After the reaction solution is concentrated under reduced pressure and excess trimethylamine is distilled off at the temperature of 40-45 ℃, 200mL of dichloromethane is added for stirring, standing and liquid separation, and an upper water phase is reserved. The pH of the water phase is regulated to 6.5-7.5 by using 2M HCl, then the cation exchange resin column is eluted for desalting, and the eluent with the pH more than 8 is collected after the water phase is washed by 1% ammonia water until no product flows out. Concentrating the eluent under reduced pressure to dryness at 70-75 ℃, adding 10mL of absolute ethyl alcohol, and stirring at room temperature until the eluent is clear. 100mL of acetone is slowly added dropwise for crystallization, filtration and drying are carried out, and 10.30g of white solid is obtained, the yield is 55%, and the purity is 97.90%.

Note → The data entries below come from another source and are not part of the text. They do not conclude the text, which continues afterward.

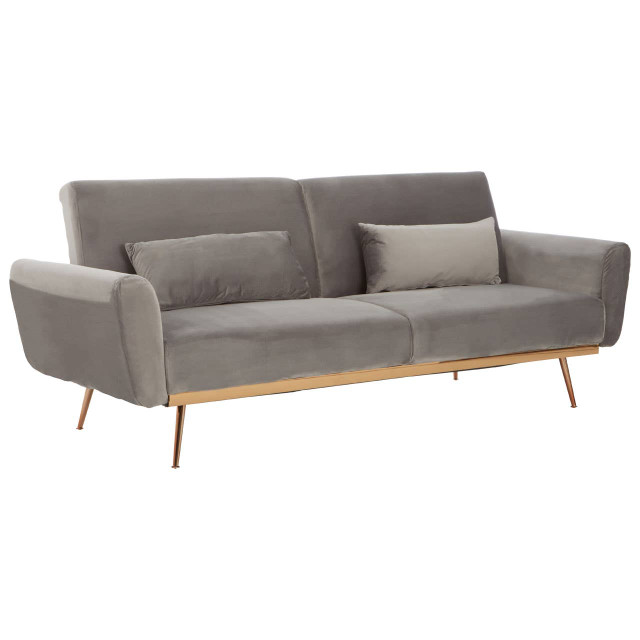 Premier Housewares Hatton Grey Velvet Sofa Bed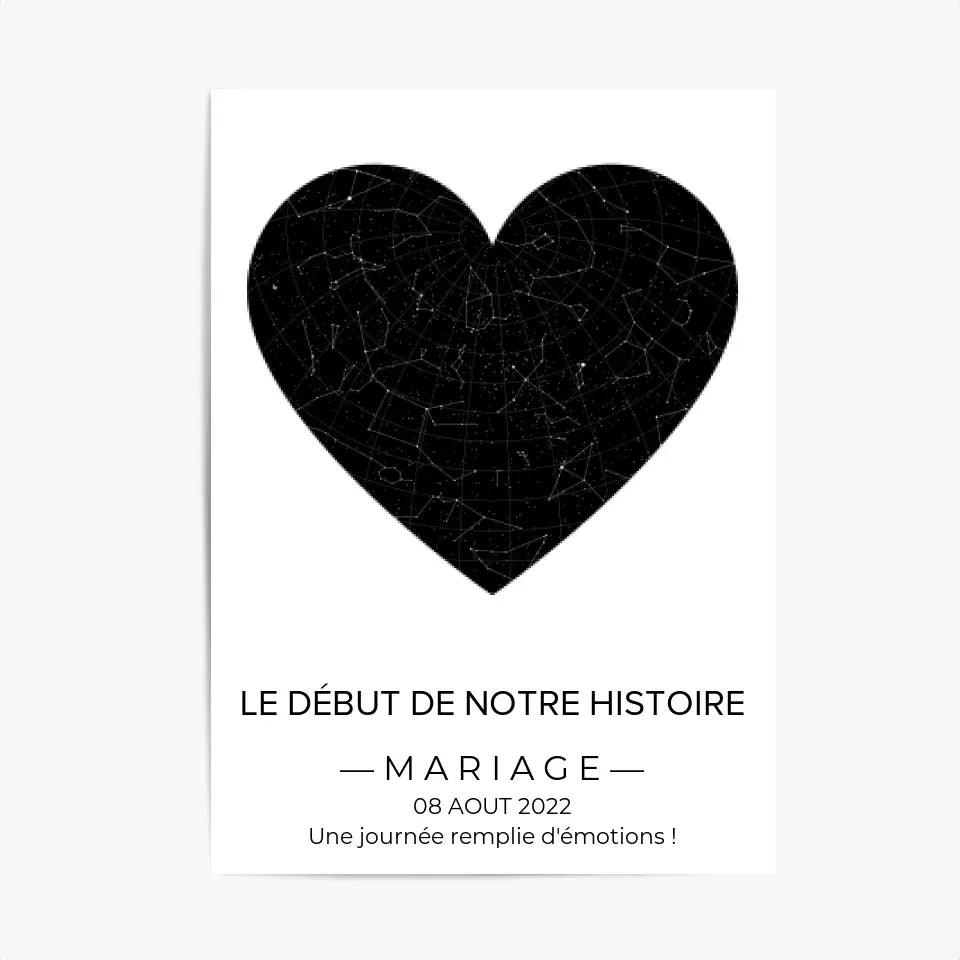 Tableau carte du ciel personnalisé Coeur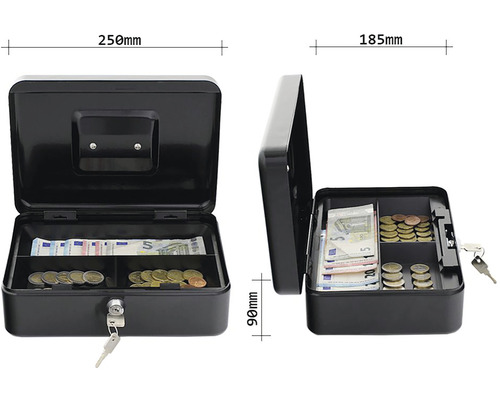 Geöffnete Geldkassette mit Euroscheinen und Münzen, Abmessungen 250 mm x 185 mm x 90 mm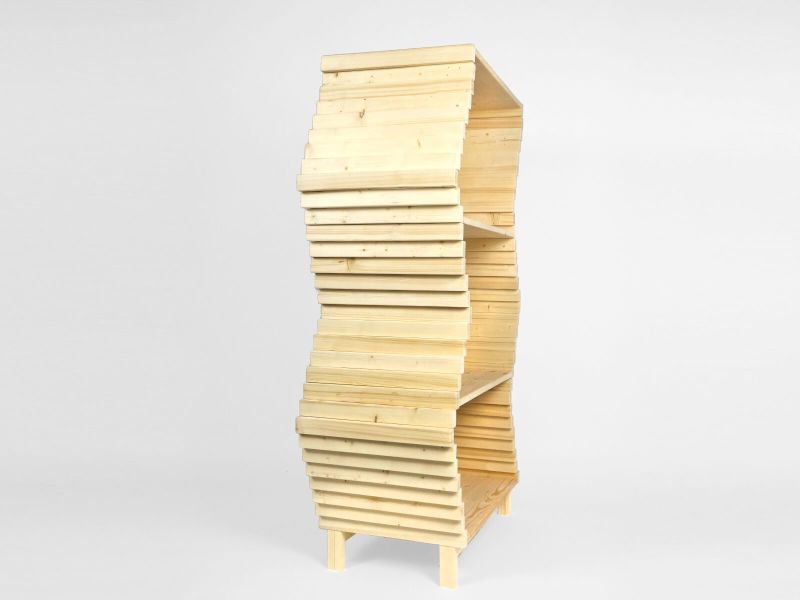 Studio Lorier Launching Shape-Changing Wave Bookshelf at Salone Satellite 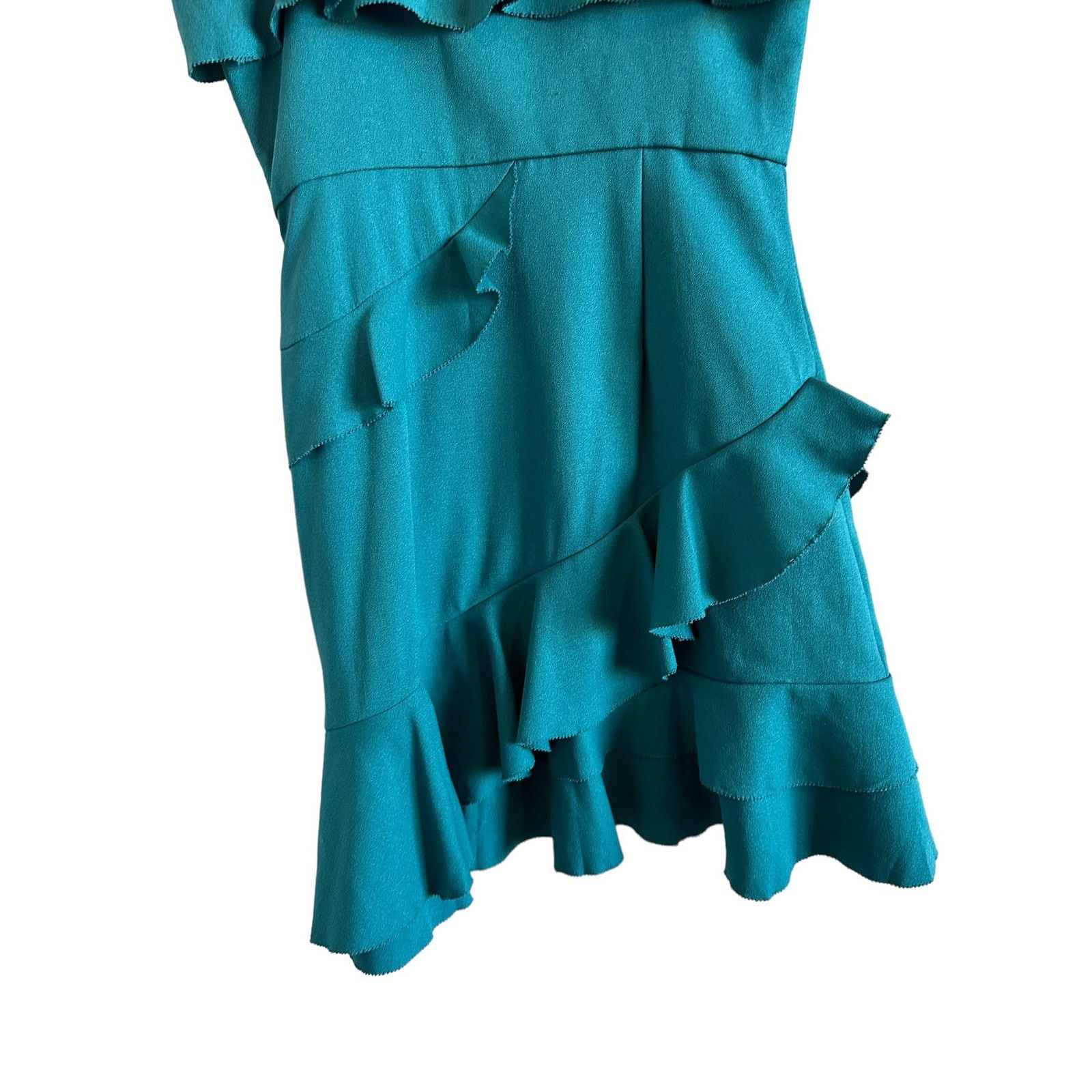 Other Morgan Claire Small Blue Sleeveless Ruffle Zip Up Mini Dress Size S / US 4 / IT 40 - 6 Thumbnail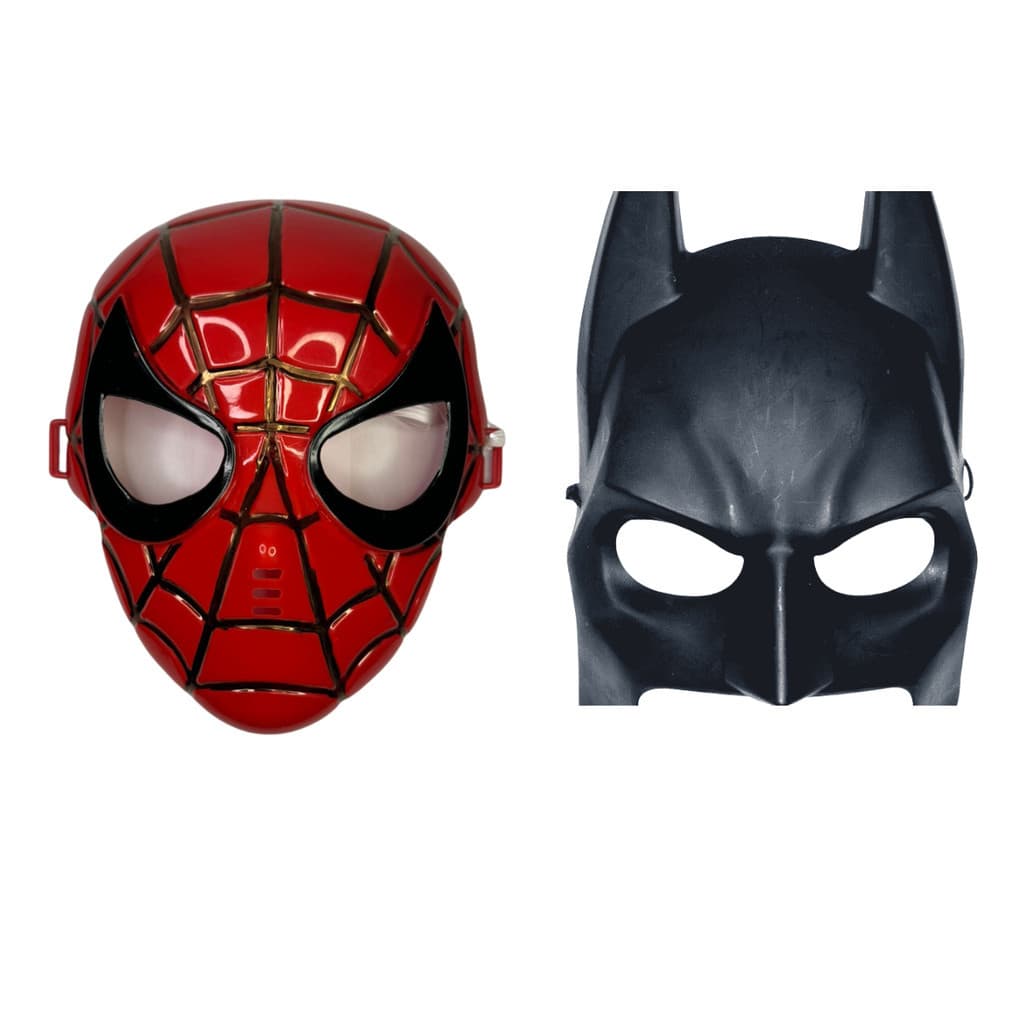 Kit 2 Máscaras Plástico Marvel Homem Aranha + Batman Menino Morcego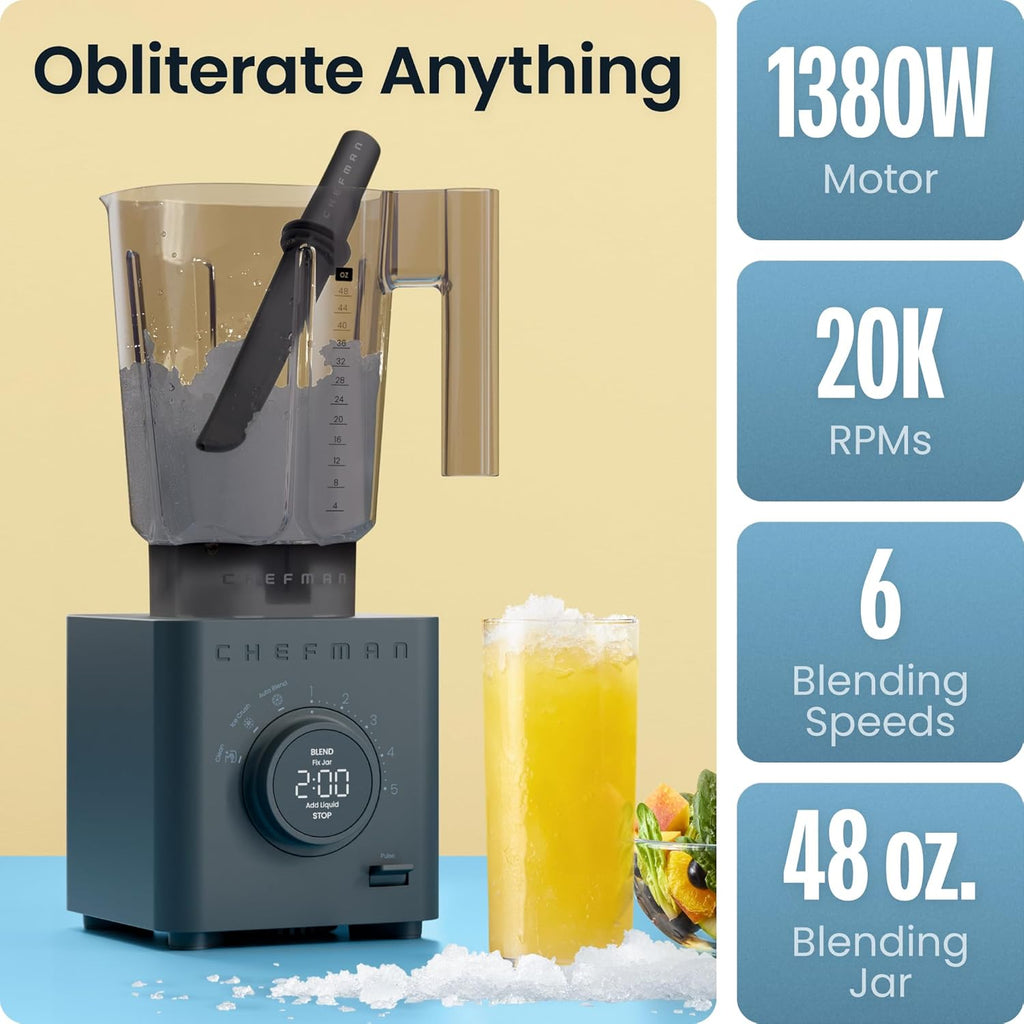 Chefman Obliterator - Batidora de encimera de 48 onzas para batidos, motor de 1380 W para triturar hielo, nueces y frutas congeladas con hoja de acero inoxidable, función de mezcla automática, incluye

Example 2: preparation of 3-ethoxy-4-trimethylammonio-2-butenoic acid salt
Ethyl 4-chloroacetoacetate (8.21 g,0.05 mol) was added to a reaction flask, diethyl carbonate (7.09 g,0.06 mol) was added, 82mL of tetrahydrofuran was added, stirring was performed at room temperature, nitrogen was replaced, and triethylamine (5.56 g,0.055 mol) was slowly added dropwise at a constant temperature after the reaction solution was warmed to 50℃and the pH of the system was controlled to 7.0 to 8.0 during the dropwise addition. After the addition, the reaction is carried out for 2 to 3 hours at constant temperature. Then cooling to 0-10 ℃, adding sodium hydroxide (3.00 g,0.075 mol) and 82mL of water, slowly dripping 30% trimethylamine water solution (49.25 g,0.25 mol), naturally heating the reaction solution to 20-25 ℃ after the addition, and stirring for reaction for 4 hours.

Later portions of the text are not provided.